Baiduri adalah mantan anggota DPRD Kalbar. Ia juga dikenal sebagai pengusaha. Sedang Agus Mulyana kini menjabat Ketua DPD Partai Golkar Kapuas Hulu. Walau gagal dalam Pileg 2019 lalu, Agus dinilai punya cukup bekal lantaran pernah jadi Wakil Bupati AM Nasir di periode pertama, 2010-2015.

Kepada Suara Pemred, Fransiskus Diaan atau akrab disapa Sis, menyatakan siap maju di Pilkada Kapuas Hulu 2020 jika mendapat rekomendasi dan tugas dari partai.

"Sejauh ini saya masih dalam tahap penjajakan dengan partai-partai lain," katanya, kemarin.

Hanya saja, Sis belum mau berkomentar lebih banyak seperti visi dan misi yang akan ia usung.
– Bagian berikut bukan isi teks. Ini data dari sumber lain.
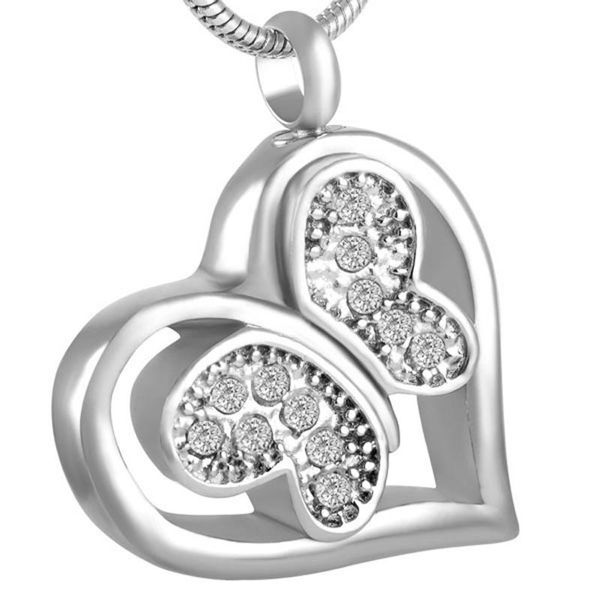 

pendant necklaces mjd8563 clear crystal butterfly always in my heart 316l stainless steel cremation urn ash jewelry, Silver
Sis menegakan, saat ini dirinya masih fokus menjalin komunikasi dengan partai lain. 

“Jika sudah positif maju, nanti saya akan komentar lebih banyak lagi," katanya. 

Mengenai sosok Zainuddin yang disebut akan mendampinginya di Pilkada 2020, Sis tidak memberikan jawaban pasti. Ia menyerahkan hal itu kepada partai pengusung.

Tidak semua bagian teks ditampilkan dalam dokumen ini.